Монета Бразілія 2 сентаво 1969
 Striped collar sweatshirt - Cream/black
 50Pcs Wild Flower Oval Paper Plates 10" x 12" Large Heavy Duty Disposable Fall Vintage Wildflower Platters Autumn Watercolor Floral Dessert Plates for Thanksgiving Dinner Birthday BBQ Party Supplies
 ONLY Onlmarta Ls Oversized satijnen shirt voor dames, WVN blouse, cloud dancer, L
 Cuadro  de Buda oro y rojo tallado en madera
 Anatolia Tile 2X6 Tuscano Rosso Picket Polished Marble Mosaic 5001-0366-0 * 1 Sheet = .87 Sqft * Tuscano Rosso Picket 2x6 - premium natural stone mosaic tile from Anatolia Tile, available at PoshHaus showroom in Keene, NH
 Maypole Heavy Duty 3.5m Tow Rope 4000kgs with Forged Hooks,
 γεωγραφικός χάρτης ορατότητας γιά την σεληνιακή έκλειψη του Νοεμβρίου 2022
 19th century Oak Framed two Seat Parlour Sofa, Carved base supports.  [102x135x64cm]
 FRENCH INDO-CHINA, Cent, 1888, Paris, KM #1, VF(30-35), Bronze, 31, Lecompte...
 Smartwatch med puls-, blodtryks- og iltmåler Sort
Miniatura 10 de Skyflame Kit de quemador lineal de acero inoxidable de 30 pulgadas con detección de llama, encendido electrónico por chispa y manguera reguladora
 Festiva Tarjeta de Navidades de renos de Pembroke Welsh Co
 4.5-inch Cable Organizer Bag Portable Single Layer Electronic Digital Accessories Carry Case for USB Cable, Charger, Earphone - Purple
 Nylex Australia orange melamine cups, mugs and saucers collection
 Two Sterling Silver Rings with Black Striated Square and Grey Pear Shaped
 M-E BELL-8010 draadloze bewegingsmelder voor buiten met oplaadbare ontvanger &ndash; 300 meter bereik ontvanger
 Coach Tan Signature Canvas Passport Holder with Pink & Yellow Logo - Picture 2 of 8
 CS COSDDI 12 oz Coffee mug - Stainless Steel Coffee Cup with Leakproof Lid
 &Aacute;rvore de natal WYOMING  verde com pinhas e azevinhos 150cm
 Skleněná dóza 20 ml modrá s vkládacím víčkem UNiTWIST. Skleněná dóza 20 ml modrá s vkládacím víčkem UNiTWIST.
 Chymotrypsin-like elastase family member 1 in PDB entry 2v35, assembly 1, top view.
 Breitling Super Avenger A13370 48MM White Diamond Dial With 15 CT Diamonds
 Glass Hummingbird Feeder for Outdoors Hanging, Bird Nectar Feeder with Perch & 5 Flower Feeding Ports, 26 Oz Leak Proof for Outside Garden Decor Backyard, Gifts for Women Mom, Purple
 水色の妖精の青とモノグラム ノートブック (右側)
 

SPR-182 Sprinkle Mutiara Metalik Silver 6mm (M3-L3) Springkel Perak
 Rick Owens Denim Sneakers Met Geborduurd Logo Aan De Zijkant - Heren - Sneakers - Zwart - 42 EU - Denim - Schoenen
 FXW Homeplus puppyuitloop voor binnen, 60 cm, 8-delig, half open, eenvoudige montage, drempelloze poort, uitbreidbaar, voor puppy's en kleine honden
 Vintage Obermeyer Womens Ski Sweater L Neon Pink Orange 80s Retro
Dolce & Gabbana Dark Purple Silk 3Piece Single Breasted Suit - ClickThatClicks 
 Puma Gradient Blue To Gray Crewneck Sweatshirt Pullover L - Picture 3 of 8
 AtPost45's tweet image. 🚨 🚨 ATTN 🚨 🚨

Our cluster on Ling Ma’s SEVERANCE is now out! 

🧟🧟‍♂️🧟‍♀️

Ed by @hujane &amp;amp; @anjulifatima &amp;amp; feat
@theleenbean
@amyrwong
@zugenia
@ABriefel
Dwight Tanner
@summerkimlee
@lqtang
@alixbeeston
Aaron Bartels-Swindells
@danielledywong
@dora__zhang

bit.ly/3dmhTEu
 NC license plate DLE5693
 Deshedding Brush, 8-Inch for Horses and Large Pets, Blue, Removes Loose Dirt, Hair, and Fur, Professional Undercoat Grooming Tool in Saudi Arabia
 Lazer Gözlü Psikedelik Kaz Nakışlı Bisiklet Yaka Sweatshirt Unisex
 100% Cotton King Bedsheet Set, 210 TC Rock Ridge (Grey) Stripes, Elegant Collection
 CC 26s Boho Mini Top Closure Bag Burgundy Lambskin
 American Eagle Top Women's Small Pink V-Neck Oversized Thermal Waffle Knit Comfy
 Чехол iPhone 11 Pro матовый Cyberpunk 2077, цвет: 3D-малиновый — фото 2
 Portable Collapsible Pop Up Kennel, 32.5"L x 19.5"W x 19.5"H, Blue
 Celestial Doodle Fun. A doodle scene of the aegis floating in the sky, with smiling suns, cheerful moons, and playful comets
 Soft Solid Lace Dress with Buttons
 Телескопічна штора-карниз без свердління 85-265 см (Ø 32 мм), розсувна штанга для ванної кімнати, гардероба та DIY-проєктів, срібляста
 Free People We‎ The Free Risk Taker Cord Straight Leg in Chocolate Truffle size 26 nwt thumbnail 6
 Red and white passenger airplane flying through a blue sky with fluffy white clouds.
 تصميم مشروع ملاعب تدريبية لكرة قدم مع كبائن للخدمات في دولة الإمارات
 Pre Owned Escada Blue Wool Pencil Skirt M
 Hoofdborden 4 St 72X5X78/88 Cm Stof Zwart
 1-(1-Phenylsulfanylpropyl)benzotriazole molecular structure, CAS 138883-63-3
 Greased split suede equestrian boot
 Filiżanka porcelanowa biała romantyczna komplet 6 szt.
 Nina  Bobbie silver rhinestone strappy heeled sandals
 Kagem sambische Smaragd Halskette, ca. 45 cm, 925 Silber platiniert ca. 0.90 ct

Instructions for the task –
For the listing above, print only the lines starting at the line containing "CC 26s Boho" and ending at the line containing "Free People We‎", exactly, both included.

Answer space –
 CC 26s Boho Mini Top Closure Bag Burgundy Lambskin
 American Eagle Top Women's Small Pink V-Neck Oversized Thermal Waffle Knit Comfy
 Чехол iPhone 11 Pro матовый Cyberpunk 2077, цвет: 3D-малиновый — фото 2
 Portable Collapsible Pop Up Kennel, 32.5"L x 19.5"W x 19.5"H, Blue
 Celestial Doodle Fun. A doodle scene of the aegis floating in the sky, with smiling suns, cheerful moons, and playful comets
 Soft Solid Lace Dress with Buttons
 Телескопічна штора-карниз без свердління 85-265 см (Ø 32 мм), розсувна штанга для ванної кімнати, гардероба та DIY-проєктів, срібляста
 Free People We‎ The Free Risk Taker Cord Straight Leg in Chocolate Truffle size 26 nwt thumbnail 6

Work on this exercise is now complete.